◆ **Work to be completed**
For this exercise, copy exactly the lines below from the one with "Sacs en papier" through the one with "Letter H,T, HT" and leave out the pictures.

◆ **Available data**
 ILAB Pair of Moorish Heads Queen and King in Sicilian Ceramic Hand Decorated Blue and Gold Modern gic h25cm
--
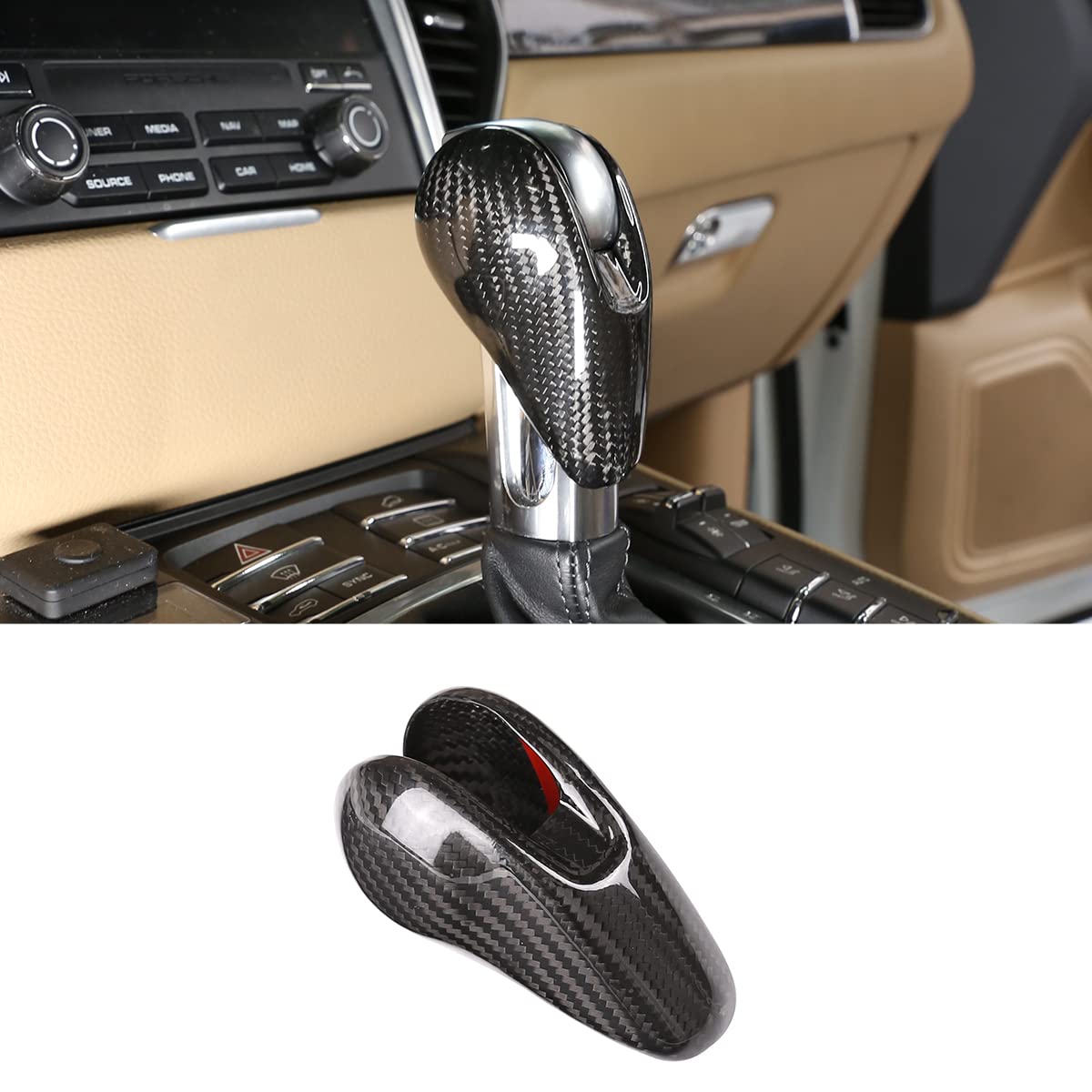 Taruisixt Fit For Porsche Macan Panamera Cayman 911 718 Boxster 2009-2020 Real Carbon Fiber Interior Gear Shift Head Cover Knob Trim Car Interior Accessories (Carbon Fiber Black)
---
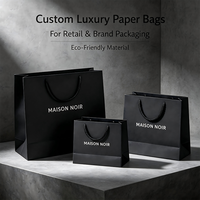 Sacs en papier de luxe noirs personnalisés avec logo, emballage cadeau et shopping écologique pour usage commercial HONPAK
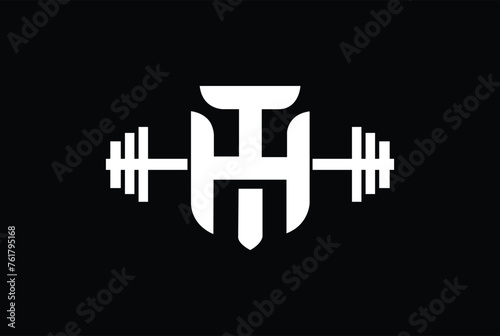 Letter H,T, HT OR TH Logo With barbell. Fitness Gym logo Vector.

◆ **Task answer**
 Sacs en papier de luxe noirs personnalisés avec logo, emballage cadeau et shopping écologique pour usage commercial HONPAK
 Letter H,T, HT OR TH Logo With barbell. Fitness Gym logo Vector.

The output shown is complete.